## Provided data:
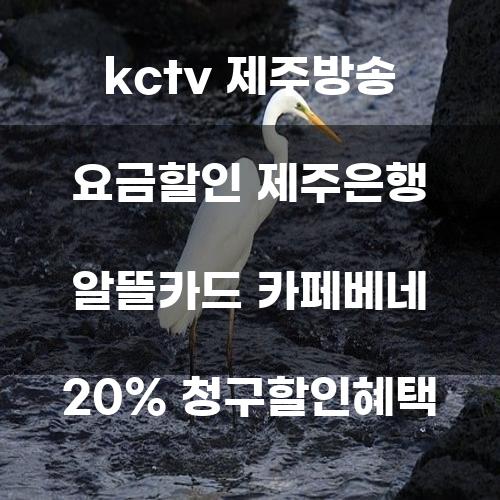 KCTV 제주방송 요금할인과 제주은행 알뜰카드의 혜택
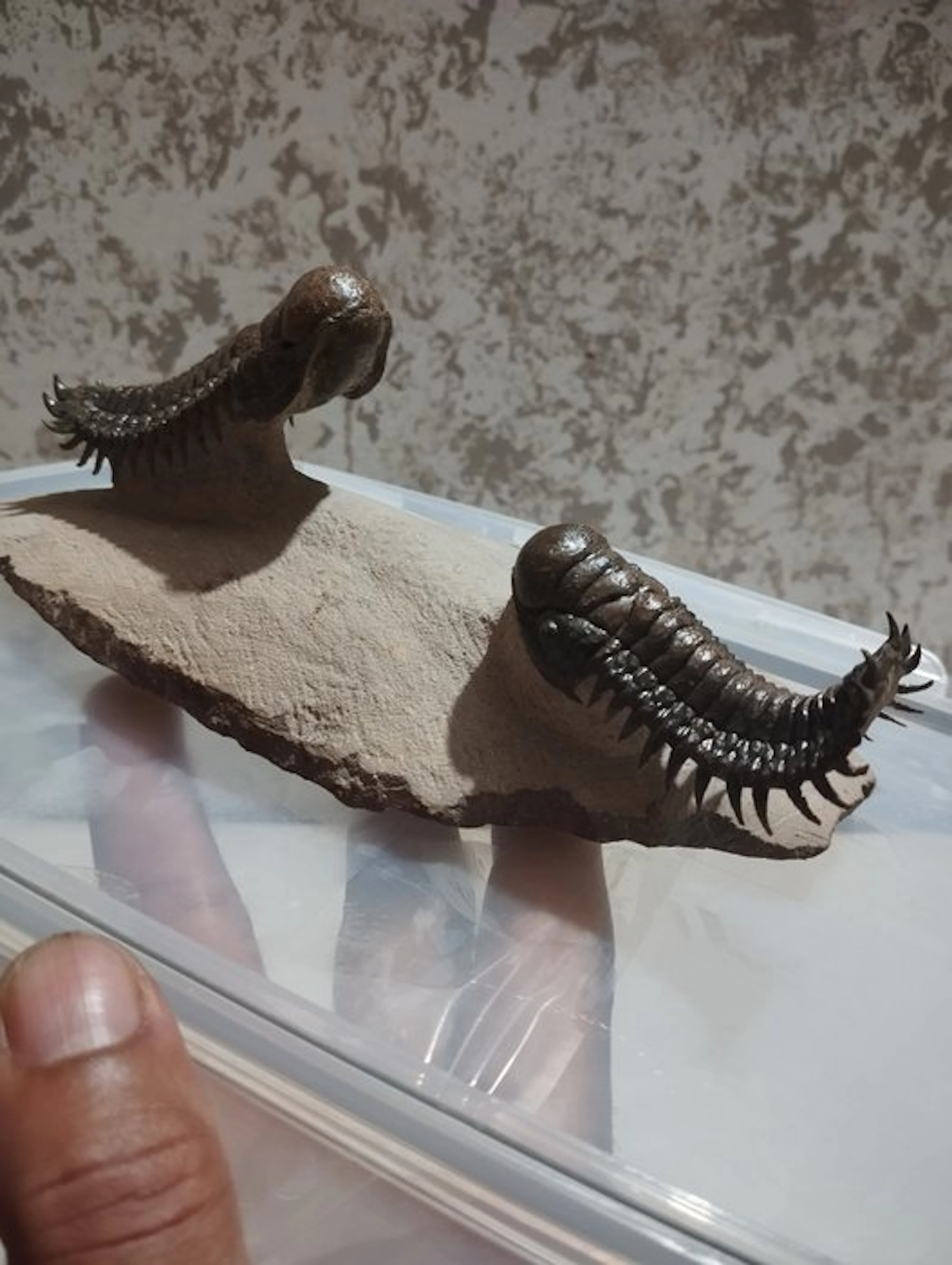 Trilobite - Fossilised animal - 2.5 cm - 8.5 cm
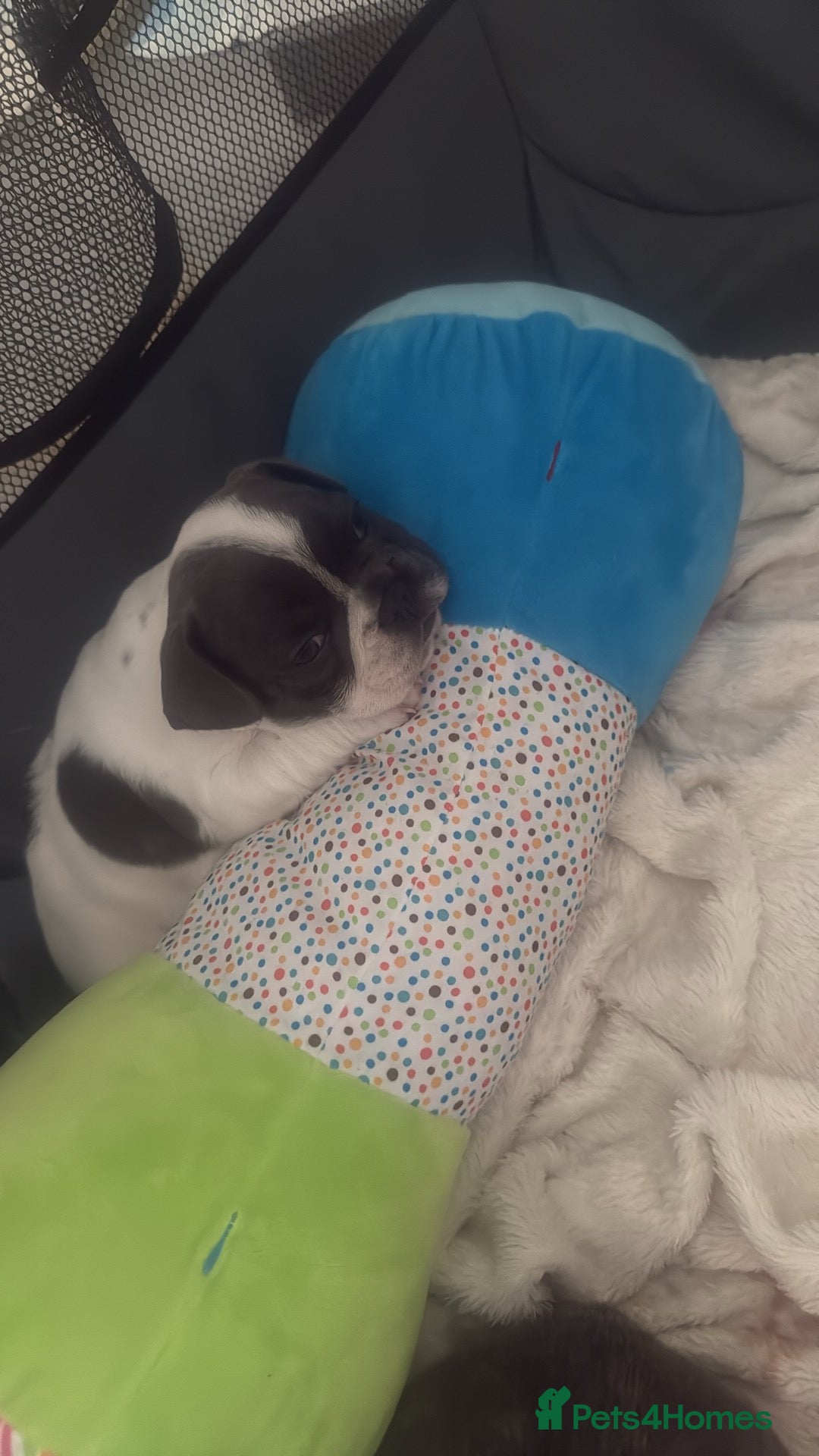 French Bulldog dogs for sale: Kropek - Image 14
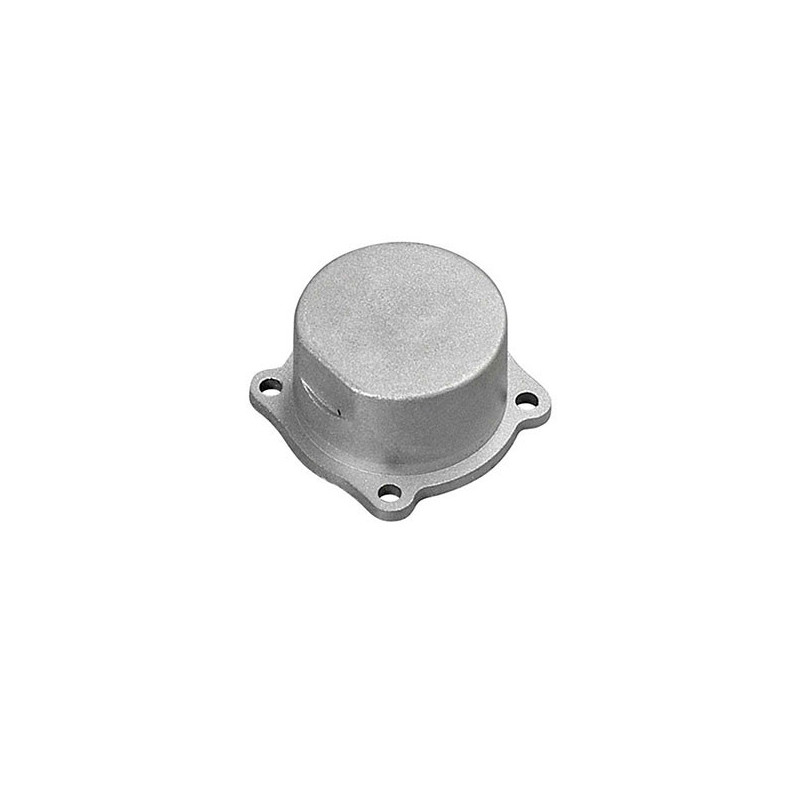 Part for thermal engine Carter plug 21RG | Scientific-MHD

## Required work:
Your task is to restate word for word the lines from the line holding "Trilobite - Fossilised" through the final line of the listing, both included, but none of the pictures.

## Response to the exercise:
 Trilobite - Fossilised animal - 2.5 cm - 8.5 cm
 French Bulldog dogs for sale: Kropek - Image 14
 Part for thermal engine Carter plug 21RG | Scientific-MHD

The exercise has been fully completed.